By Gadjo Cardenas Sevilla

Android Wear, which has been Google’s attempt at creating a wearable operating system for smartphones, has cooled and lost momentum after an initial flurry of  smartphone releases from Motorola, ASUS, LG and others. Recently announcing Android Wear 2.0, Google and its partners seem poised to try and gain some attention

Google has finally revealed the anticipated update to its Android Wear smart watch OS on the backs of two LG smart watches designed around the new OS even as some of the more recent devices, like the Moto 360 2, are expected to get some of the features.

Missing In Action for around a year, Android Wear 2.0 is Google’s latest attempt to offer a cohesive wearable adjunct to its Android OS ecosystem. The latest version, offers more personalized watch faces that now have complications, or widgets, that mirror apps and services for better at-a-glance access to information.

A renewed focus on fitness, via the Google Fit app, makes Android Wear more competitive against the burgeoning standalone fitness tracker segment led by the dominant Fitbit. New devices can track your pace, distance, calories burned and heart rate as you’re walking, running or cycling. You can also measure weight-lifting reps, in addition to push-ups, sit-ups and squats. Some watches will now be able to support Android Pay, which is Google’s mobile payment solution which is nonexistent in Canada.

Android Wear 2.0 has integrated improved ways to respond to messages, including a software keyboard on smart watches. The big feature update is really the Google Assistant, first introduced in Pixel phones, “Ask your Google Assistant about the weather or remind yourself to bring an umbrella. Make a restaurant reservation or navigate to work. You can even update your shopping list right from your wrist. To ask for help, just hold down the power button on your watch or say “Ok Google.” The Google Assistant is available in English and German on Android Wear and will be available in other languages in the coming months,” Google explains.

The smart watch market is divided right now between the Apple Watch and Samsung’s Gear devices, while there are exisiting Android Wear devices, many manufacturers like Lenovo, have ceased to create hardware over what looks to be a shrinking market. Aside from Google and Android enthusiasts, what are the chances that the new Android Wear devices will be in demand?
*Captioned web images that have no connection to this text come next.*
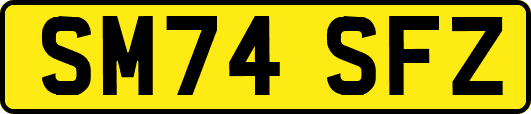 SM74SFZ
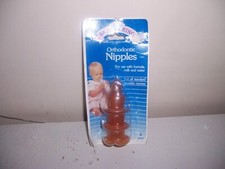 babykin orthodontis rubber nipples New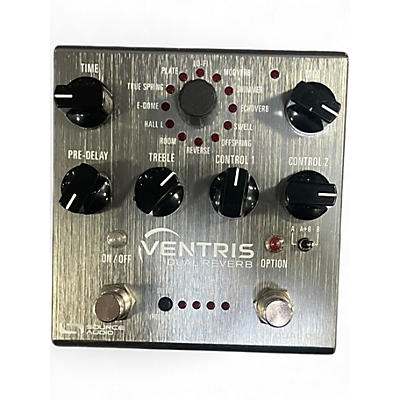 Used 2020s Source Audio Ventris reverb Effect Pedal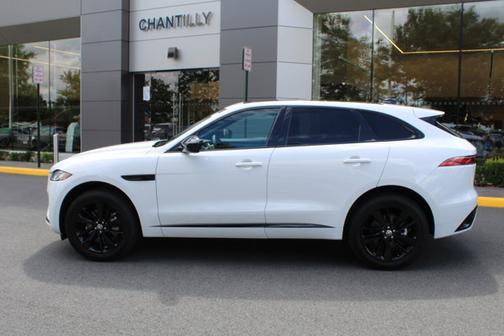 2025 Jaguar F-PACE R-Dynamic S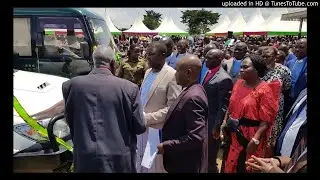 DAUDI YE NABBI omutufu ~ NYUMBA YA DAUDI CHOIR uafcr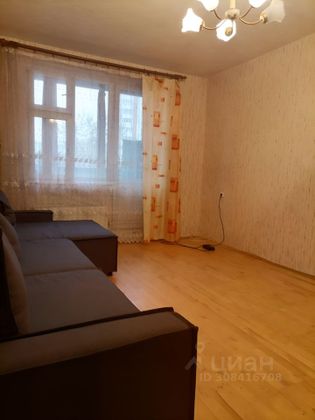 Продажа 1-комнатной квартиры 37,1 м², 4/14 этаж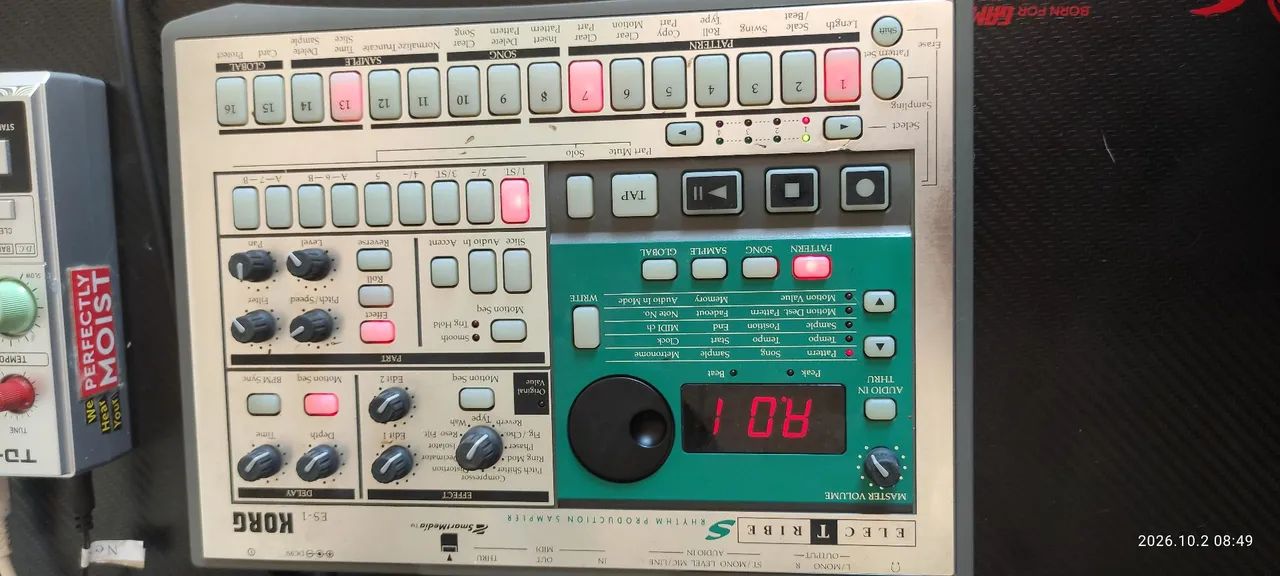 Korg electribe ES-1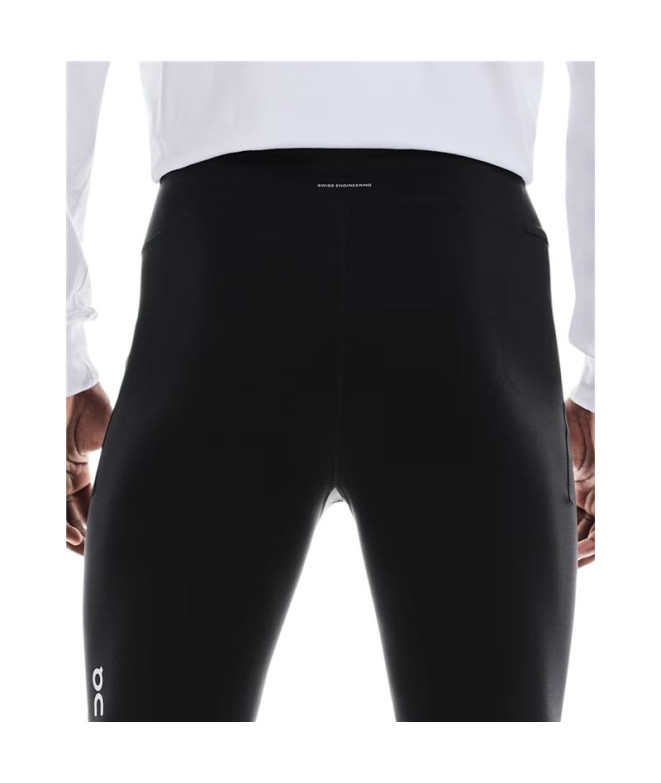 Mallas de Fitness On Running Train Tights 1/2...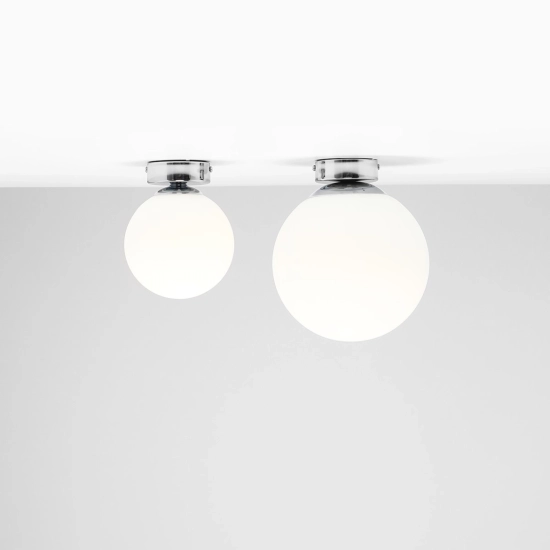 kinkiet BALL chrome M 1076C4_M ALDEX - zdjęcie dodatkowe 5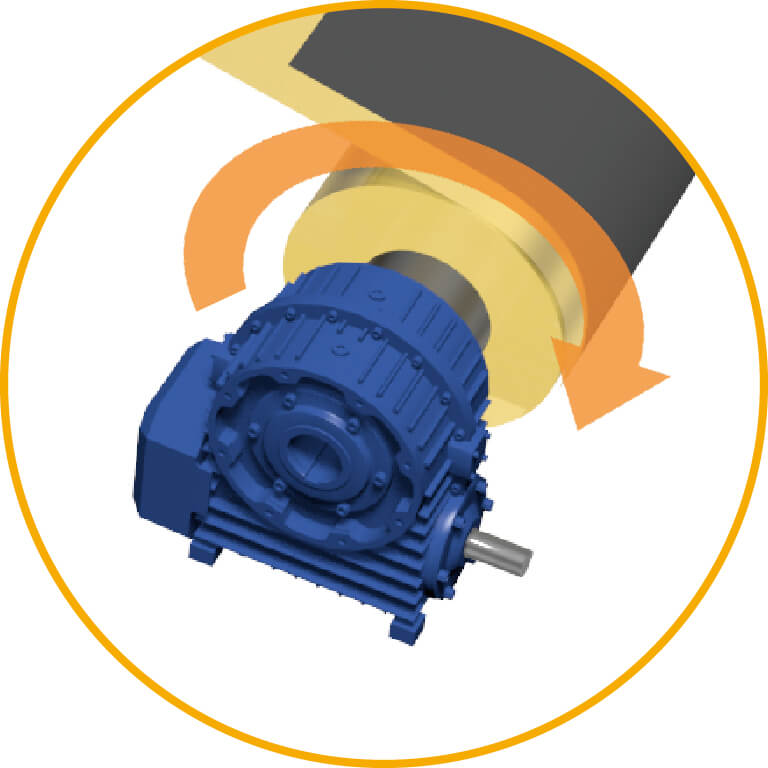 दोहरा अवनमन अनुपात के बावजूद कॉम्पैक्ट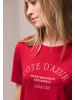 Street One T-Shirt in rot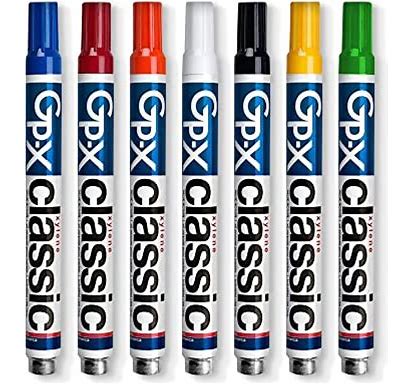 Diagraph GPX Markers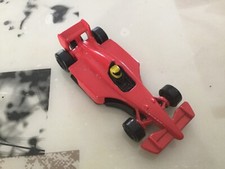 F1 Mc Donald's petite voiture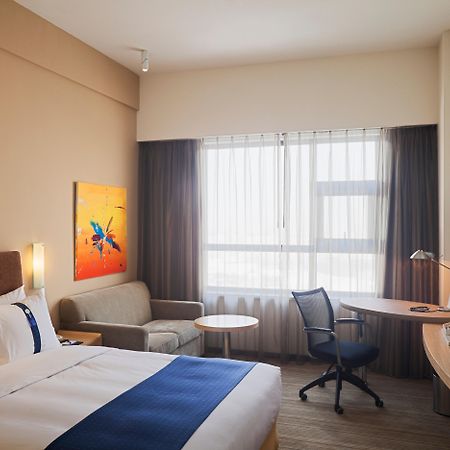 Holiday Inn Express Suzhou Changjiang, An Ihg Hotel Ngoại thất bức ảnh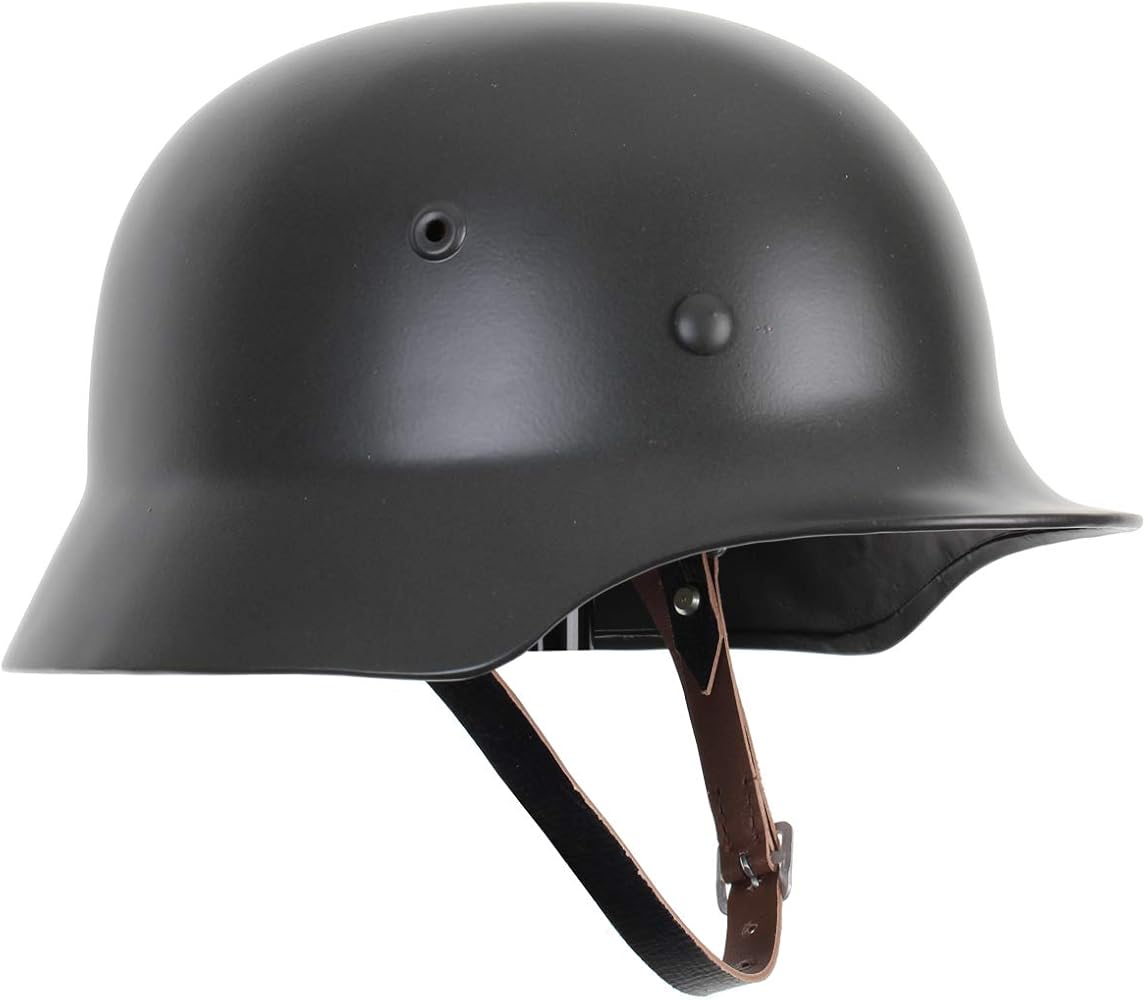 Amazon.co.jp: Epic Militaria レプリカ WW2 ドイツ M40 ヘルメット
Consumers may no longer be keen on paying a premium for a smart watch that emulates what their smartphones already have. Specially now that fitness trackers are better and more durable plus are also able to receive notifications and they cost a fraction of what smart watch makers are asking. Stay tuned while we review Android Wear 2.0 as it comes to our Moto 360 2 in the coming month.

Early reviews of the new Android Wear 2.0 devices haven’t been good. The LG Watch Sport, which is the new flagship device incorporating a GPS and also a SIM card which allows it to work like a wrist-worn phone, is large and bulky plus is rather slow because it is using an older processor. The slimmer LG Watch Style, is devoid of most of the features that users want, like an NFC chip for mobile payments. I personally haven’t tried these watches or the OS yet, but I’ll be looking forward to installing it on my Moto 360 (version 2) to see if it makes using wearables more compelling.

My issue with Android Wear is that a lot of the features simply mirror what is already on one’s smartphone, and while Google Now is handy to have on the wrist, there’s very limited appeal in terms of third party apps or standalone functionality.  Google is coming from behind this time around and expensive, underpowered and limited Android Wear 2.0 devices might not have enough mojo to attract new users, unless these devices can offer something truly unique.